I don’t want to see Reyes go as much as the next guy. He alone is worth the price of admission (except, of course, those really expensive seats behind home plate. No one player can get me to pony up that much for a seat). But I have to come to grips with the fact that the Mets future is probably best served if he’s traded between now and the end of July. That assumes, of course, that Sandy Alderson can secure maximum value in return. Transation: better players/prospects than the two compensatory draft picks they’ll get if they lose Rayees to free agency. But this is exactly what we expect from Alderson, right?

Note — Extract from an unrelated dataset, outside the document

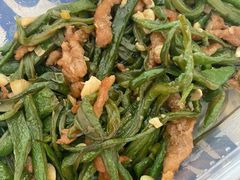 砂锅焗豆角丝-满圆薄春饼(新世纪店)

The other day, I listened in amusement as Bob Ojeda conversed with Joe Benigno and Evan Roberts on WFAN about the Mets hopes for a wild card. Ojeda, aided and abetted by the co-hosts, came up with some dubious reasoning about how the Mets can get to 88 wins — which he feels will translate to a Wild Card. Pretty iffy, if you ask me. I think Ojeda just could not get himself to say the Mets can or must get to 90 wins. But they all seemed giddy about this 88-win scenario, as I’m sure were thousands of their listeners. All it takes is for Reyes to keep playing out of his mind, getting David Wright and Ike Davis back, which in turn will mean a stronger bench led by current fill-ins Justin Turner and Daniel Murphy. . . yada, yada, yada.
Hey, I’d like to be optimistic too, but even a best case scenario tells me the Mets are not going to finish much better than .500. After today’s loss to the Angels, they’re back at two-below .500 and seem to break out in hives every time they reach the even mark. But if you really think they can make a run at October with Reyes in full throttle, then okay, keep him here for now.
But then what happens in the off-season? There will be a frenzy for his services. All you need is two serious bidders to create a frenzy and drive up the price. You think the Mets will have the stomach (or checkbook) for that?
Reyes can talk all he wants about wanting to remain in New York and how much he loves it here. They all say that in their walk year. Even if they play in Pittsburgh. It gives you more leverage. But Reyes won’t be giving the Wilpons a discount on his services. He’s going where the Carl Crawford money is.